• _SOURCE DATA_:
== Segment start ==
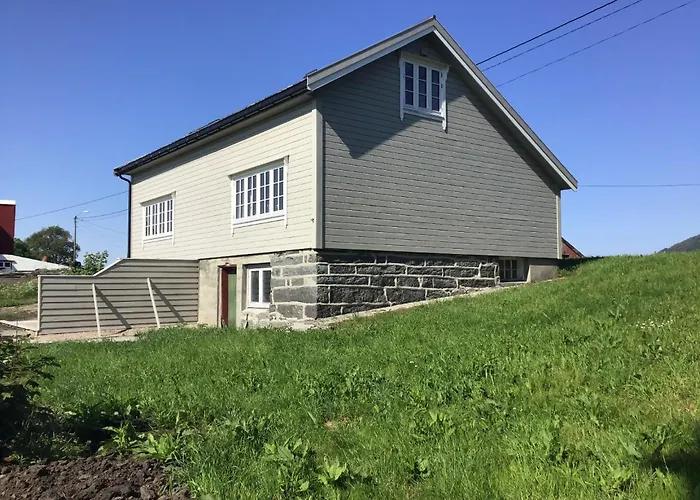 Gamlemgarden By Norgesbooking - House By The Sea * Longva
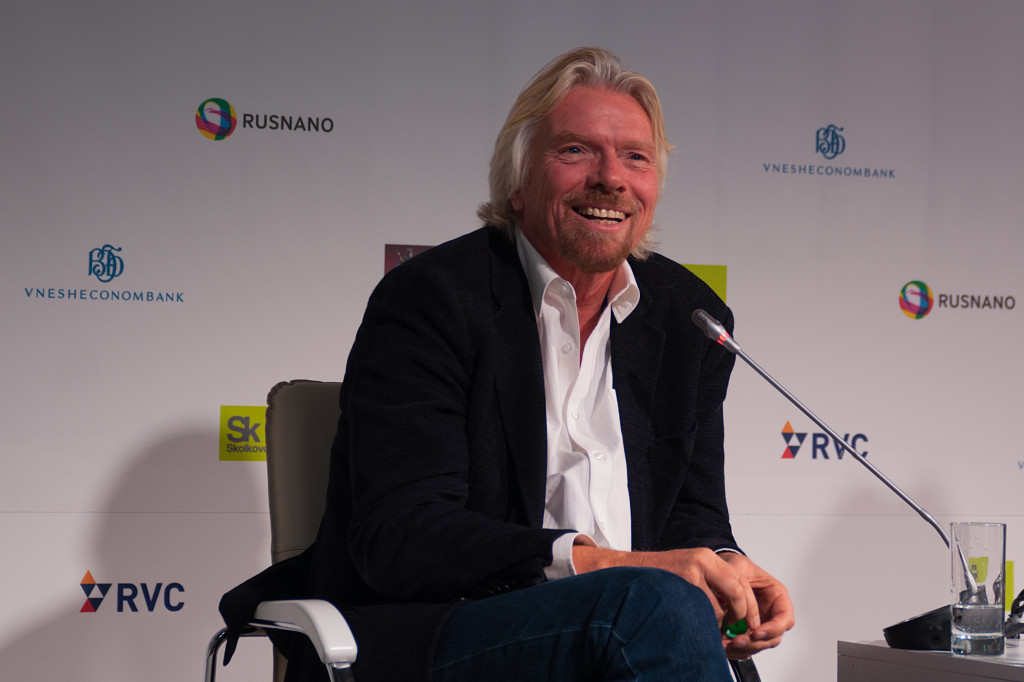 Richard Branson s'exprimant lors d'un panel à Moscou, en Russie.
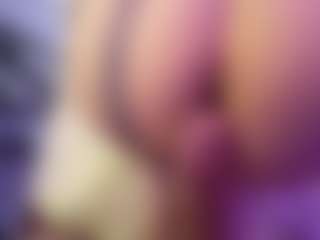 Live cam show with Lucymuur - Brown Eyes on Camsoda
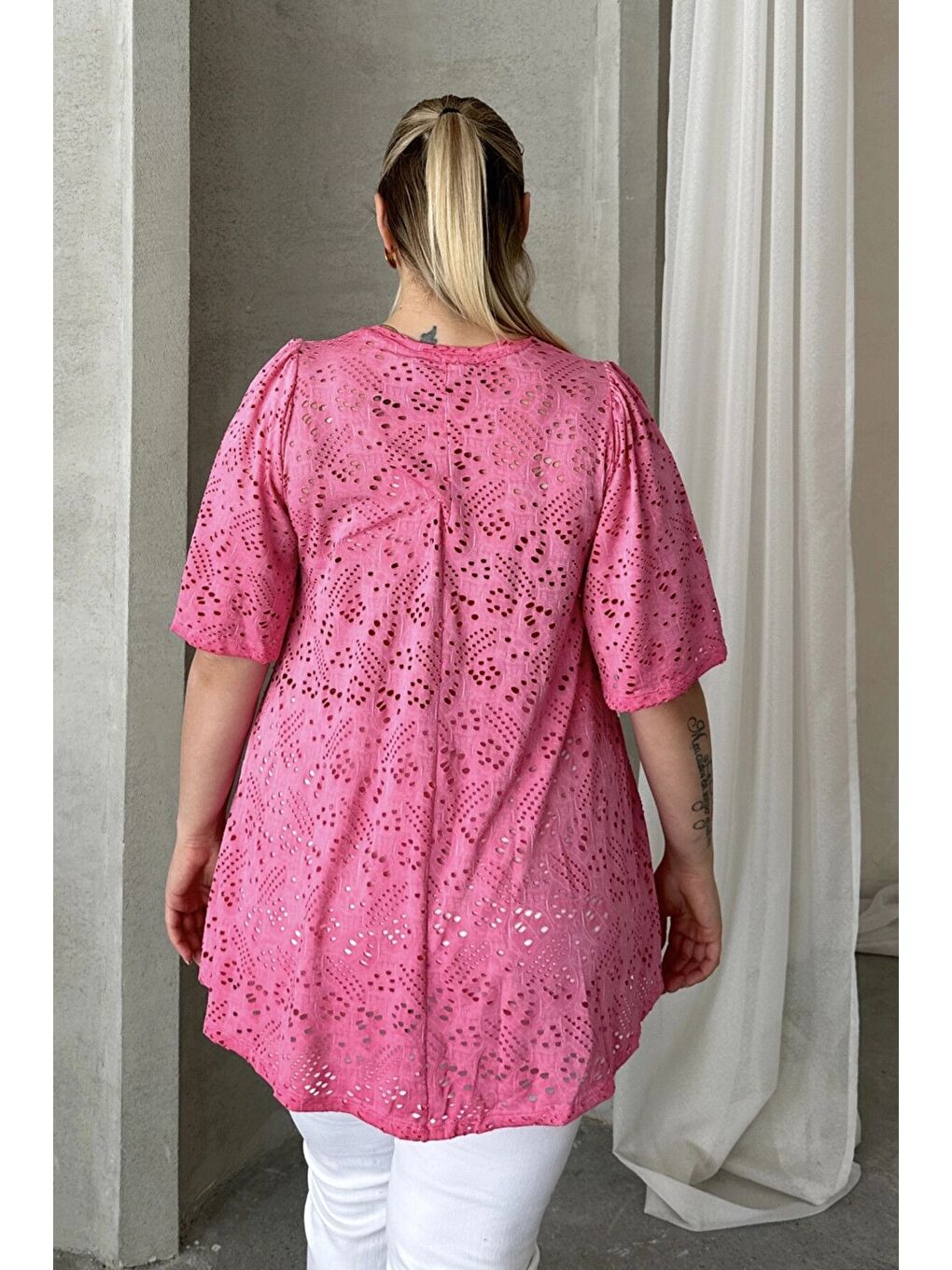 Pembe Büyük Beden V Yaka Kısa Kollu Dantel Detaylı Astarsız Bluz 302956-7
== Segment end ==
• _ACTIVITY_: All that is needed is the data above, repeated exactly, without the pictures.

• _YOUR RESPONSE_:
 Gamlemgarden By Norgesbooking - House By The Sea * Longva
 Richard Branson s'exprimant lors d'un panel à Moscou, en Russie.
 Live cam show with Lucymuur - Brown Eyes on Camsoda
 Pembe Büyük Beden V Yaka Kısa Kollu Dantel Detaylı Astarsız Bluz 302956-7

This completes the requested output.